#### Source material

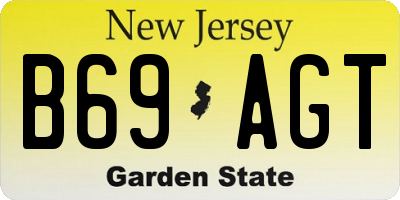NJ license plate B69AGT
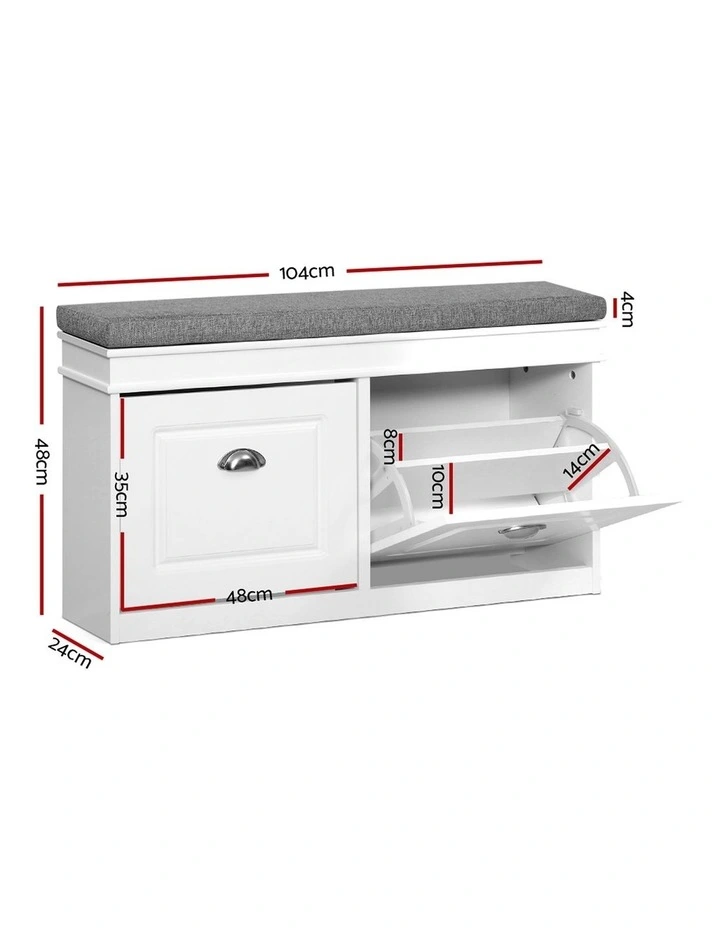 Artiss 2x Shoe Bench Set Flip Drawer White image 2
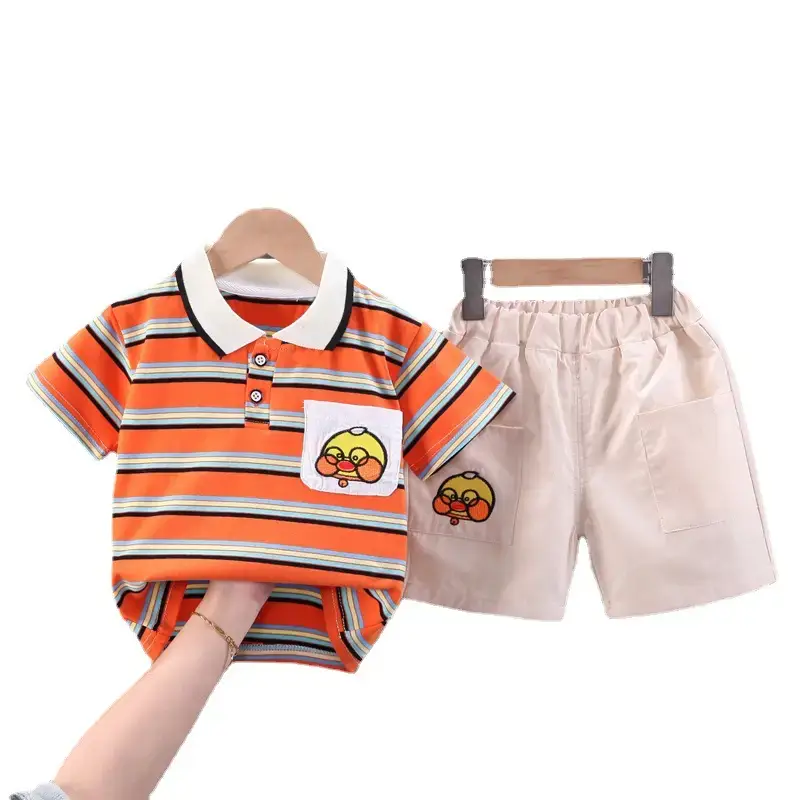 Children Cotton Striped T-Shirt Shorts Suit Summer Boys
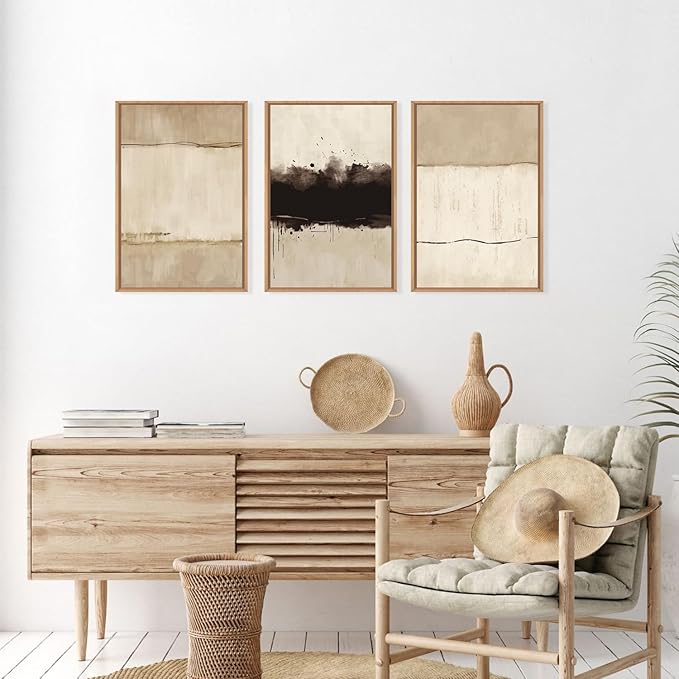 Ausril Large Neutral Textured Framed Canvas Wall Art Set, Minimalist Beige Shapes Wall Decor, Abstract Grunge Landscape Wall Painting, Modern Textured Art Prints for Living Room, Bedroom 24"x36"x3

#### Work instructions
Set down exactly the lines between the one with "Artiss 2x Shoe" and the last line of the material above, both included, but none of the pictures.

#### Answer box
 Artiss 2x Shoe Bench Set Flip Drawer White image 2
 Children Cotton Striped T-Shirt Shorts Suit Summer Boys
 Ausril Large Neutral Textured Framed Canvas Wall Art Set, Minimalist Beige Shapes Wall Decor, Abstract Grunge Landscape Wall Painting, Modern Textured Art Prints for Living Room, Bedroom 24"x36"x3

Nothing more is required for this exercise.